ConsensusConsensus RangeActualPrevious
Employment - M/M20,00018,000 to 25,00056,30035,600
Unemployment Rate4.2%3.9% to 4.2%4.0%3.9%
Participation Rate67.1%67.0%

Highlights

Labour market conditions in Australia gained further momentum in December, with employment increasing for the ninth consecutive month and at a faster pace and the unemployment and participation rates continuing to indicate very tight conditions. This will likely keep the focus of the Reserve Bank of Australia on risks to the inflation outlook.

The number of people employed in Australia rose by 56,300 in December, up sharply from 35,600 in November and well above the consensus forecast for an increase of 20,000. Full-time employment fell by 23,700 persons after a previous increase of 56,200 persons, but part-time employment rose by 80,000 persons after a previous decline of 17,000 persons. Hours rose 0.5 percent on the mopnth after no change previously.

Today's data also show the unemployment rate rose from 3.9 percent in November to 4.0 percent in December. The participation rate rose from 67.0 percent to 67.1 percent, matching its record high.

Market Consensus Before Announcement

Job growth in Australia in December is expected to show a modest 20,000 increase on the month as growth flagged headed into year end. The jobless rate is expected to tick up to 4.2 percent from 3.9 percent in November.

Definition

The Labour Force Survey is a key economic indicator giving an overall picture of employment and unemployment. Employment counts the number of paid employees working part-time or full-time in the nation's business and government establishments. The unemployment rate measures the number of unemployed as a percentage of the labour force.

Description

This report is used as an indicator of the health of the domestic economy. Employment trends highlight the strength in job creation and the implications for future sectoral activity. The unemployment rate is used as an indicator of tightness in labor markets and can foreshadow a future increase in wages. Labor force data provide investors with the earliest signs of industry performance. While other data are produced with a month or two delay, these data are available only a week to 10 days after the end of the latest month. Reactions can be dramatic - especially when the result is unanticipated.

The information in the report is invaluable for investors. By looking at employment trends in the various sectors, investors can take more strategic control of their portfolio. If employment in certain industries is growing, there could be investment opportunities in the firms within that industry.

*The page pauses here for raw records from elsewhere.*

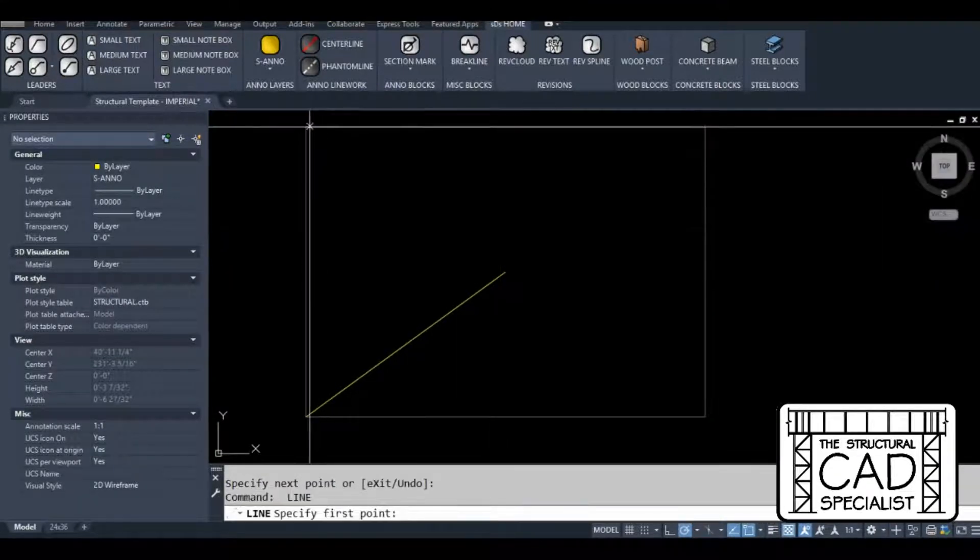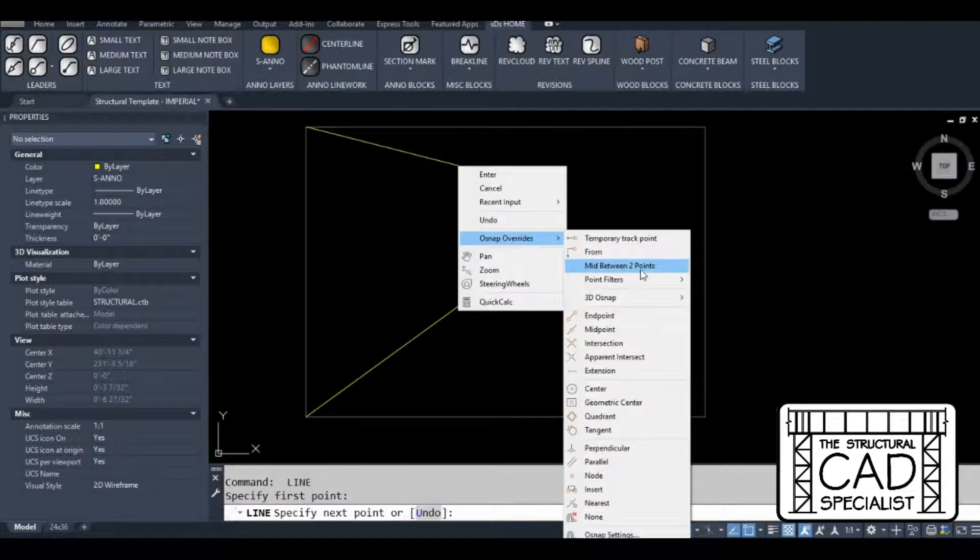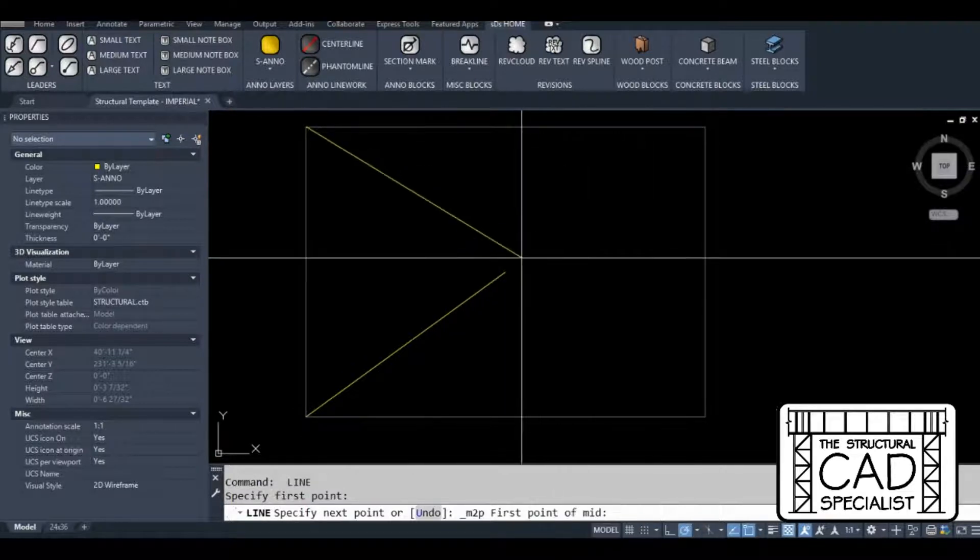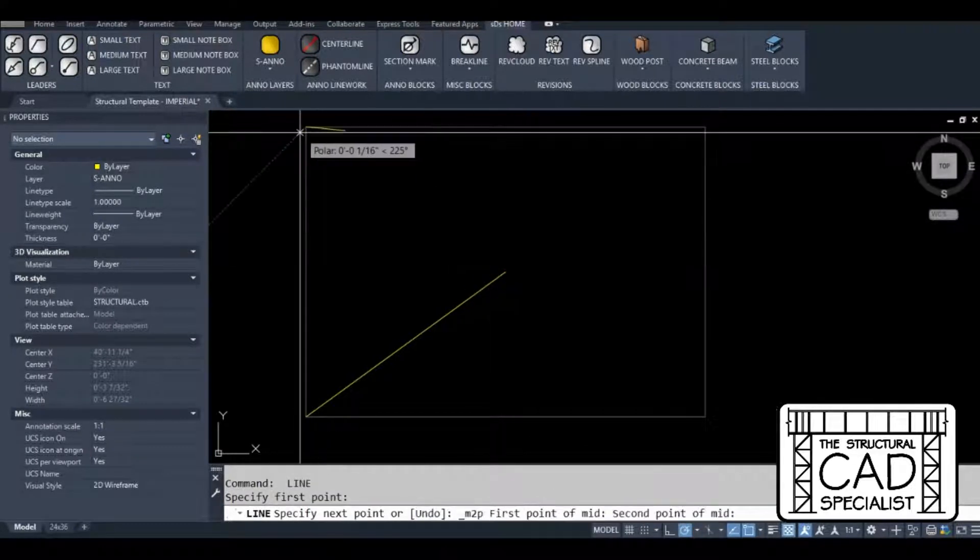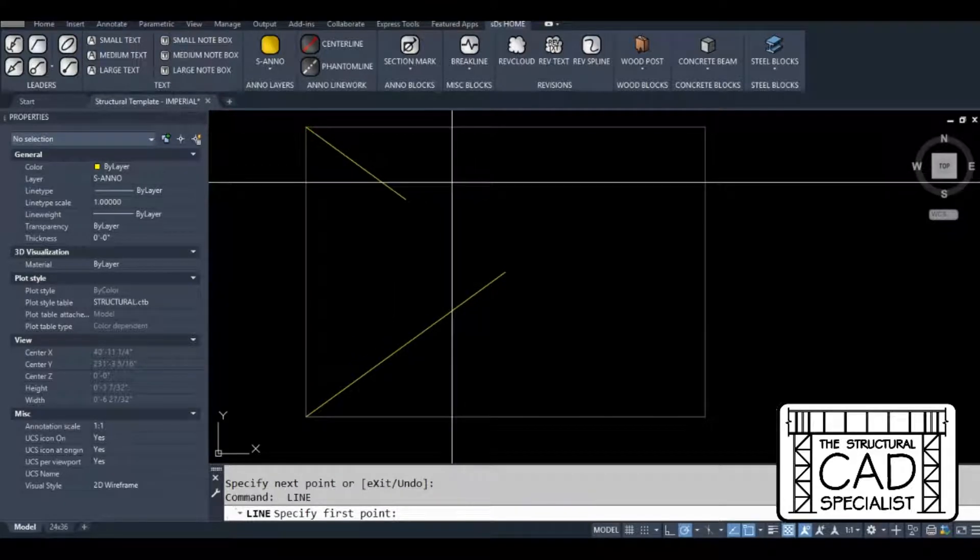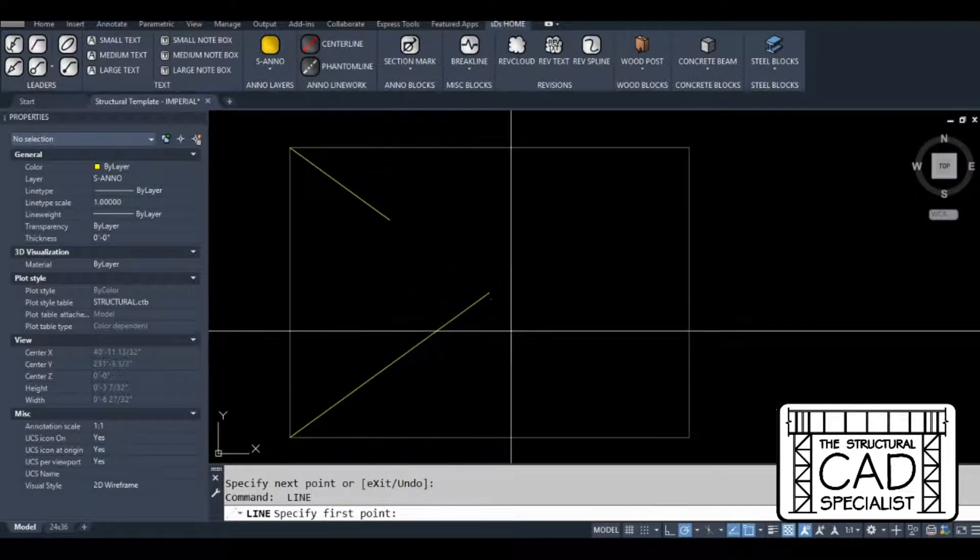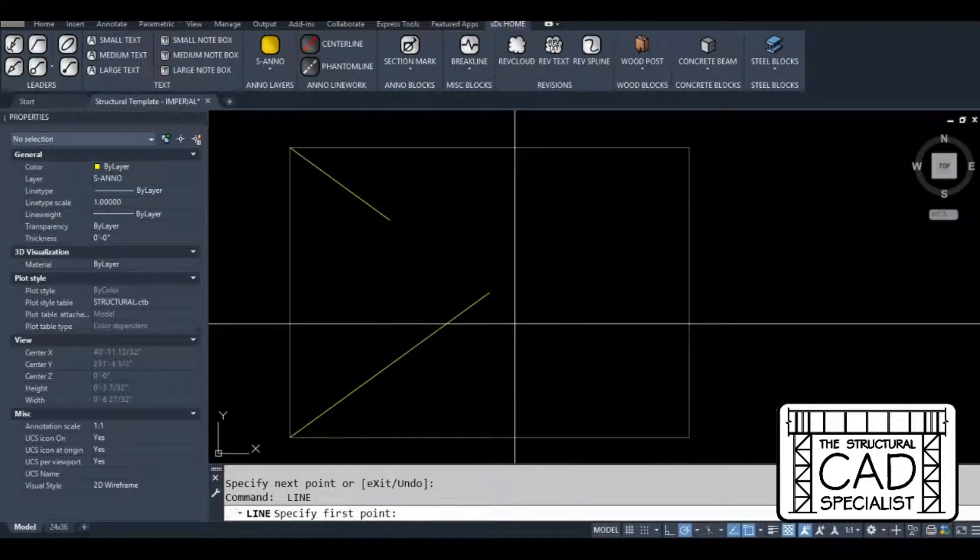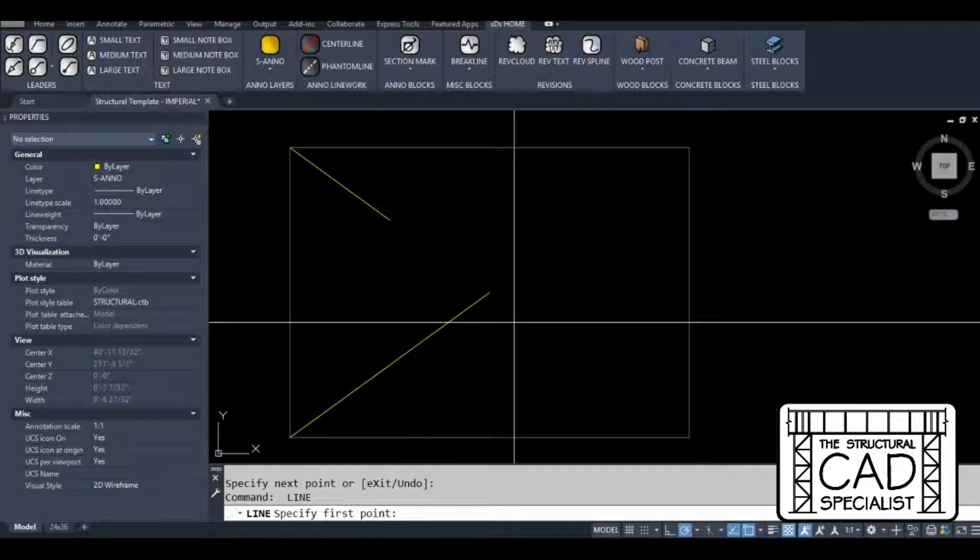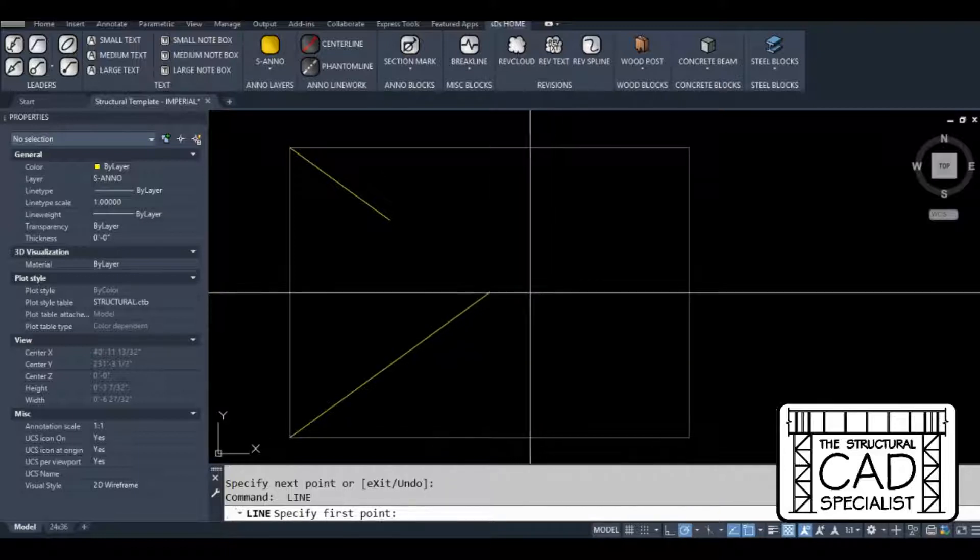I'll just do it once again to show you. For me, I don't like using the right quick click menu and I don't like typing M2P on the keyboard. I find it slows me down a little bit.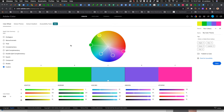In this video we'll talk about color — specifically how to select, use, and manage colors for your projects. I'm on a site called color.adobe.com, which has a bunch of different options for selecting colors and saving them to a color library in your Creative Cloud apps.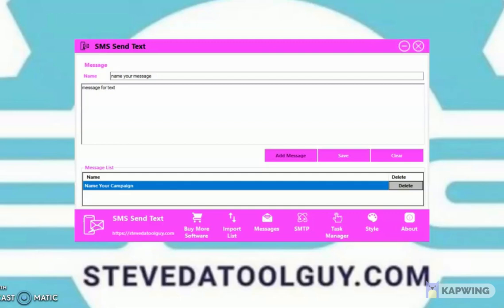You can put your URL link in your message, and make sure you put a reply option — 'Reply STOP' — this is very important so you can keep yourself out of trouble. That way a person can opt out of your messages. You don't have to spam them 100 times — just send a text message to them once, and if they don't want it, remove them from your list.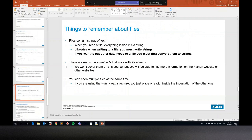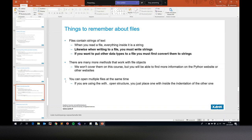There are many methods that work with file objects. We have looked at read, write, and readline. There are others we won't cover in this course, but you can find more information on the Python website. The most important ones are open, close, read, and write.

The bond market will rally (fall) when the employment situation shows weakness (strength). The equity market often rallies with the bond market on weak data because low interest rates are good for stocks. But sometimes the two markets move in opposite directions. After all, a healthy labor market should be favorable for the stock market because it supports economic growth and corporate profits. At the same time, bond traders are more concerned about the potential for inflationary pressures.

The unemployment rate rises during cyclical downturns and falls during periods of rapid economic growth. A rising unemployment rate is associated with a weak or contracting economy and declining interest rates. Conversely, a decreasing unemployment rate is associated with an expanding economy and potentially rising interest rates. The fear is that wages will accelerate if the unemployment rate becomes too low and workers are hard to find.